While the idea of enforceable charitable donations was recognized under Roman law, the trust – a legal device whereby ownership of property is bifurcated between a trustee who holds legal title and a beneficiary who holds equitable ownership – was completely foreign to the civil law and, thus, Louisiana law. But thanks to a legion of Tulane lawyers, trust law eventually made its way to Louisiana.
“Tulane professors and alumni are unquestionably the reason that trusts exist in Louisiana today,” said Interim Dean Sally Richardson, herself an expert in Louisiana property law. “The history of trust law and Tulane runs deep and Tulane’s substantial influence on trust law in Louisiana continues even now.”
The first comprehensive legislation on private trusts in Louisiana was enacted in 1938 and was largely drafted by Tulane alumni John Minor Wisdom (L’29) while he was in private practice before being appointed to the U.S. Fifth Circuit Court of Appeals. In 1959, the Louisiana State Law Institute (LSLI) created an Advisory Committee to study and revise Louisiana trust law, appointing Tulane Law Professor and alum Leonard Oppenheim (L’39, LLM’41) as the Reporter of the Committee with numerous Tulane alumni serving on the Committee including Paul O.H. Pigman (A&S’43, L’47) and Ledoux R. Provsoty (L’1920).
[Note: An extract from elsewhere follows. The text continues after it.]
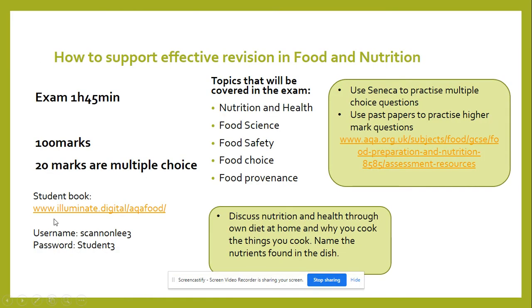How to support effective revision in food and nutrition. The exam is one hour and 45 minutes long, out of 100 marks, with 20 marks in multiple choice questions. The topics covered in the exam are nutrition and health, food science, food safety, food choice, and food provenance.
The Louisiana legislature adopted the proposal from the work of the Committee in 1964 and ever since then, Tulane-educated lawyers have remained important in revising and updating Louisiana trust law and the related law of successions.
“From John Minor Wisdom to Leonard Oppenheim to Tommy Lemann to "Pappy" Little to Max Nathan to Ted Martin and Cindy Samuel, Tulane lawyers have been at the forefront of Louisiana successions and trust law,” said John Minor Wisdom Professor of Civil Law Ronald J. Scalise Jr. (TC’97, L’00). “Tulane has had an indelible impact on trust law in this state.”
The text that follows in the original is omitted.